Un drôle d’oiseau. Dans l’art des cinquante dernières années comme dans la vie courante, Markus Lüpertz (né en 1941) a toujours volé de ses propres ailes. Sans jamais vraiment faire son nid, ni parmi les néo-expressionnistes allemands – les Anselm Kiefer, Georg Baselitz, Sigmar Polke, A.R. Penck et autre Gerhard Richter de sa génération, dont il se démarque en flirtant tantôt avec le pop art, tantôt avec le classicisme –, ni parmi ses compatriotes germaniques, avec lesquels il fait plutôt dans le « Ich liebe dich – Moi non plus. » Inclassable, étrange, sans âge ni dieu ni loi, l’art de l’Allemand vogue librement entre les cieux bleus de l’Arcadie (terre utopique grecque où l’homme vit en communion avec la nature), et des zones de turbulence, teintées par la peur du vide spirituel capitaliste ou l’héritage écrasant du nazisme. Dans les interviews qui parsèment la rétrospective du musée d’Art moderne, on tombe ainsi nez à nez avec un personnage tortueux, à la fois artiste star et ermite invétéré, lucide et rêveur, misanthrope et altruiste. Un homme ambivalent, capable de partager avec générosité ses réflexions pointues sur la peinture, avant de balancer, au détour d’une conversation, que lorsqu’il donnait des cours à l’école des Beaux-Arts, c’était purement « par égoïsme », dans l’optique de peaufiner son discours sur la création plastique.

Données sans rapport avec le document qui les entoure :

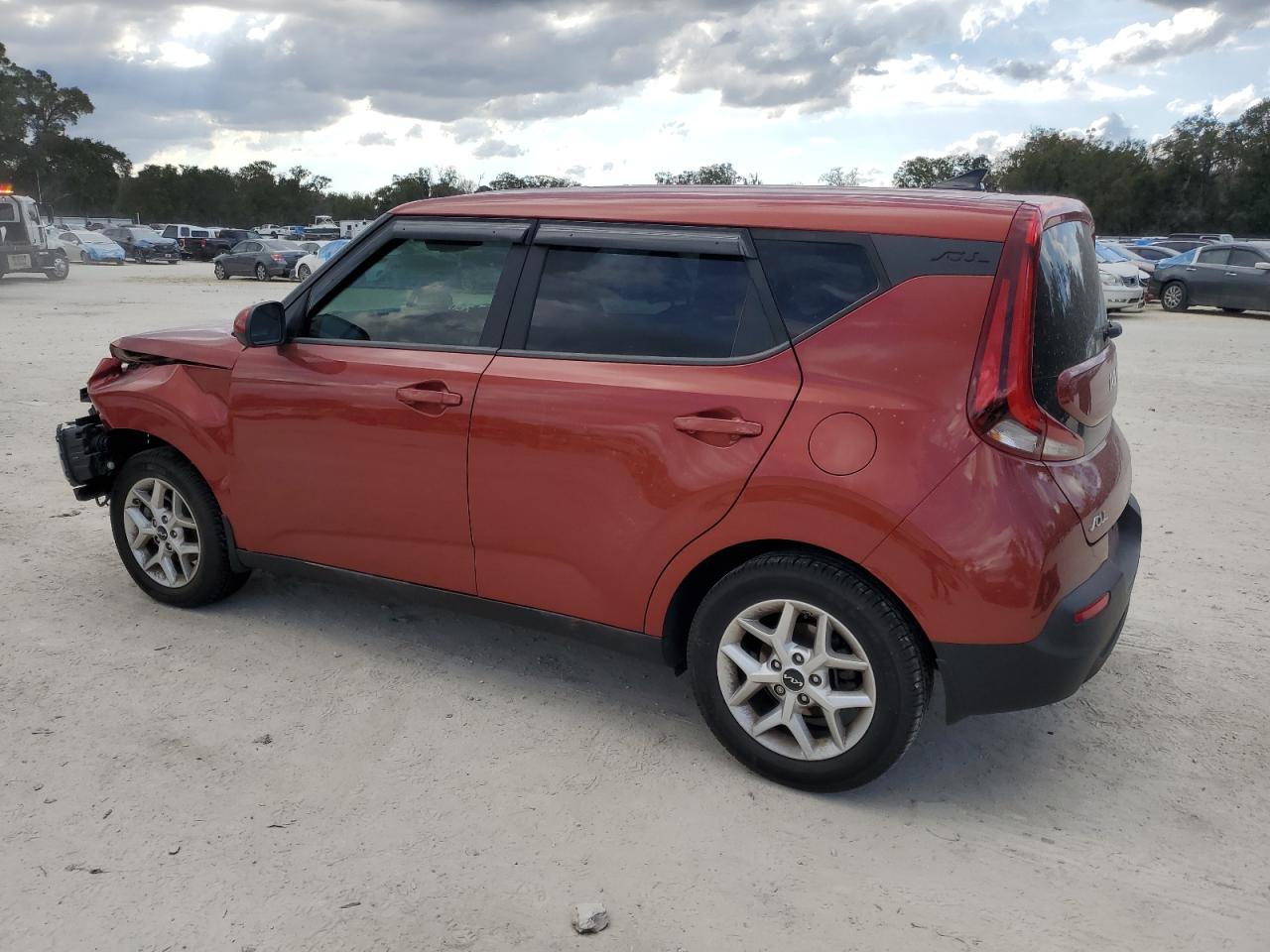 2022 Kia Soul - Image 2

Bref, Markus Lüpertz paraît toujours jouer au chaud et au froid et c’est peut-être cette versatilité qui rend son œuvre aussi puissante. Cabossée, disloquée, vibrante de couleurs (chaudes et froides, forcément), son expression dégage à la fois quelque chose de cérébral et d’insouciant. Quelque chose qui lorgne vers l’allégorie, cherchant à élever les esprits et anoblir le monde. Et ce, dès la série ‘Donald Duck’ et les « peintures dithyrambiques » des années 1960 et 1970, où Lüpertz se penche sur les icônes de la consommation de masse pour traduire le pop art au langage expressionniste. Puis, dans cette rétrospective bien ficelée, suivent les toiles « mycéniennes » (on songe à l’art tribal, à Kirchner, aux ‘Demoiselles d’Avignon’ de Picasso), les abstractions ‘Kongo’ (une pensée pour Pollock, le chamanisme, Wifredo Lam), les sculptures tantôt angulaires, tantôt rondes et malaxées (proches des statues totémiques de Baselitz), et enfin les grandioses tableaux arcadiens aux faux airs de collages (là, on pense à l’Antiquité, à Chirico). Partout surgit un mélange de brutalité, d’impulsion et de douceur mesurée. En dialogue constant avec le passé quoique libre de toutes références poussives, Lüpertz apparaît finalement comme une sorte d’héritier amphibien et solitaire de l’histoire de l’art occidental. Un artiste bizarrement méconnu en France, qui dégage la noblesse des grands maîtres.
Du mardi au dimanche de 10h à 18h ; nocturne le jeudi jusqu’à 22h.